When a line below contains the string "Women", show that line.

==== PROVIDED DATA ====

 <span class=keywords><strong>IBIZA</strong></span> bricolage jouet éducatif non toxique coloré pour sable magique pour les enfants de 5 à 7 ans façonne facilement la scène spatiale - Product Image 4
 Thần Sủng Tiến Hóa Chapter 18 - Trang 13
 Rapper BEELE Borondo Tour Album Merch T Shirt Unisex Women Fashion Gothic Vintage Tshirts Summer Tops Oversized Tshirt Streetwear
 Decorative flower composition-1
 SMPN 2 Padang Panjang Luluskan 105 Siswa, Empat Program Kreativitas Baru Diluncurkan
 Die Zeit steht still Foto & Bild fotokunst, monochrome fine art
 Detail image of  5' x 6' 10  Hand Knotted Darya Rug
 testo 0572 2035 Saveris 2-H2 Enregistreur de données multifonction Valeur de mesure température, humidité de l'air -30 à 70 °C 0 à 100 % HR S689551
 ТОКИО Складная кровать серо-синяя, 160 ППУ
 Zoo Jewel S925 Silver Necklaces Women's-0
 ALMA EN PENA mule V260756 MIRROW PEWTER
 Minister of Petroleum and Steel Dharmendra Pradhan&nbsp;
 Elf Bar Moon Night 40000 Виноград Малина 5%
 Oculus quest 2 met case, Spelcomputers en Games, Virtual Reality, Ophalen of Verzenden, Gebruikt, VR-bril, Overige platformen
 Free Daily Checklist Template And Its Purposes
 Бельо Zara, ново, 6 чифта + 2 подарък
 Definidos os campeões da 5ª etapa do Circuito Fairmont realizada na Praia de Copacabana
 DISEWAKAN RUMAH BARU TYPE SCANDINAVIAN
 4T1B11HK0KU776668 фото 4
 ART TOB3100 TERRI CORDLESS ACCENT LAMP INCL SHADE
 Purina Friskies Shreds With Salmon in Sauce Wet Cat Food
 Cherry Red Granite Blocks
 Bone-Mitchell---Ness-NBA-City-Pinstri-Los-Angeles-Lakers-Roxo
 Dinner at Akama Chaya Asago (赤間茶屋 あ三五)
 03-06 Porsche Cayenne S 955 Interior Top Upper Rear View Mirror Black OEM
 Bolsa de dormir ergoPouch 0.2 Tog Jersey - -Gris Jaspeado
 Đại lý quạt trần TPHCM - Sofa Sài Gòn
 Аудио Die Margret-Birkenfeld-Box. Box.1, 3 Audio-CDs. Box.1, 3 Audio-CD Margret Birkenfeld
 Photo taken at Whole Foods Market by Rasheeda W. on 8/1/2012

====

### [RESPONSE AREA]
 Rapper BEELE Borondo Tour Album Merch T Shirt Unisex Women Fashion Gothic Vintage Tshirts Summer Tops Oversized Tshirt Streetwear
 Zoo Jewel S925 Silver Necklaces Women's-0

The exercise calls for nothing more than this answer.